A member of one preview audience observed, ''There are no surprises here.'' That states the problem of ''Up From Paradise'' as dramatic fare. One of Mr. Miller's solutions is to mingle naive Adamic remarks (''Are we going to name more things today?'') with a touch of psychoanalysis in the cases of Cain and Abel and an imaginary extension of the conflict between the Lord (Len Cariou) and Lucifer (Walter Bobbie), who sports red tie and suspenders.

''Up From Paradise'' is playful but not frivolous, sophisticated but not superficial. Mr. Miller has brought to it the earnest commitment and conviction that enable an appreciative cast and perceptive director to create sharply realized characters from this humanist version of a scriptural account that holds deep meanings for the Judeo-Christian world. In its treatment of the allegorical creation, of Adam and Eve, and of Cain and Abel, ''Up From Paradise'' presents a timeless domestic situation, a comic and serious fantasy about an anthropomorphic God and his errant children, the first family's exile from paradise, and how the race of Adam came to be as it is.

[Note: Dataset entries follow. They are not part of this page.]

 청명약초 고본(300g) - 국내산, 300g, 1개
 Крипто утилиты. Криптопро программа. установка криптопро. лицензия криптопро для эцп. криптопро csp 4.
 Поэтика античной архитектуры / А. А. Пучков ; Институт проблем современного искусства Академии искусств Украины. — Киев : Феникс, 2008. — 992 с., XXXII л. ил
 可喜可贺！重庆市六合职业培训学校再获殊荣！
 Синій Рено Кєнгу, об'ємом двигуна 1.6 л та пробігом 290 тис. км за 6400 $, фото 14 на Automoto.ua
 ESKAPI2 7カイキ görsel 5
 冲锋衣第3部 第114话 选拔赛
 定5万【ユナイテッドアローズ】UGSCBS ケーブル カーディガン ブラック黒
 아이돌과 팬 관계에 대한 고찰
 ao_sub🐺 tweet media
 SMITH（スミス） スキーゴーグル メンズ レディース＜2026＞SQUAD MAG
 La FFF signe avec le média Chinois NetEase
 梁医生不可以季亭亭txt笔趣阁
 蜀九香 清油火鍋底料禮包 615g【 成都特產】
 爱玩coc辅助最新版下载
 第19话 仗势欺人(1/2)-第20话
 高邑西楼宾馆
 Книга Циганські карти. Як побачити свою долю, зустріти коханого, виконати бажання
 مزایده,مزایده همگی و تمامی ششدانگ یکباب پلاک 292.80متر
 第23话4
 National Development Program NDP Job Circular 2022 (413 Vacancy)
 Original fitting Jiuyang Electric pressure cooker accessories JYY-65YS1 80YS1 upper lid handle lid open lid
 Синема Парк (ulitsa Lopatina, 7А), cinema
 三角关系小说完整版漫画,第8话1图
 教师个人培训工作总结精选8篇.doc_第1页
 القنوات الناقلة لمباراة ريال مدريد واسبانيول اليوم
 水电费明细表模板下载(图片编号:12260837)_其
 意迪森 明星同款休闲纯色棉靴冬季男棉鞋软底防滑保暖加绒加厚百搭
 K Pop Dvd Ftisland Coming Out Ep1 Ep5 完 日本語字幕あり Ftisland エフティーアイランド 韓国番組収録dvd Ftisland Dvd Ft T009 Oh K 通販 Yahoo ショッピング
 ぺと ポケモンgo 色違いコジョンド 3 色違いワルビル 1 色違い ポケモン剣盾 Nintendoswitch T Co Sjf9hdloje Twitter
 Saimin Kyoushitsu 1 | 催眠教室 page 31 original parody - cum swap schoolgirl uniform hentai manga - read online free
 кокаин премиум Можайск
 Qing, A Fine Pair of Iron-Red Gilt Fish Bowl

Stanley Silverman's score embellishes the fable with a variety of songs. They range from the annunciatory ''The Lord is a Hammer of Light,'' performed by a trio of kibitzing angels, to the climactic finale, ''Never See the Garden Again, '' chorused by the nine cast members. Mr. Silverman draws on assorted musical modes: pop-ecclestiastical (with ''Hallelujahs'' galore), piano-bar chic, blues, gospel, ragtime, and even a gritty gesture to Brecht-Weill.

With Mr. Cariou's strong vocalism setting the tone, the musical performance is generally excellent. Miss Playten is at first naively touching and later touchingly maternal as Eve. Though somewhat weak in the vocal department, Austin Pendleton portrays a suitably deferential Adam. Adam's boys are sturdily played by Paul Ukena Jr. (Cain) and Lonny Price (Abel). Mr. Bobbie's Lucifer is a furiously intense and contentious about-to-be-fallen angel. A word of praise is due the seraphic trio: Raymond Murcell, Avery J. Tracht, and Richard Frisch. The Verona Winds quintet, conducted by Michael Ward at the piano, provides splendid accompaniment.

Although Mr. Miller's jocular liberties may prove too flippant for some and his perceptions not profound enough for others, ''Up From Paradise'' deserves the care and skill Mr. Avni and his colleagues have lavished on it. Michael C. Smith's all-black setting suggests a nightclub stage, with an impressionistic screen to deepen the background. Marie Ann Chiment is credited with the tuxedos for the Old Testament males and for Eve's less classy wardrobe. The lighting is by Dan Kinsley.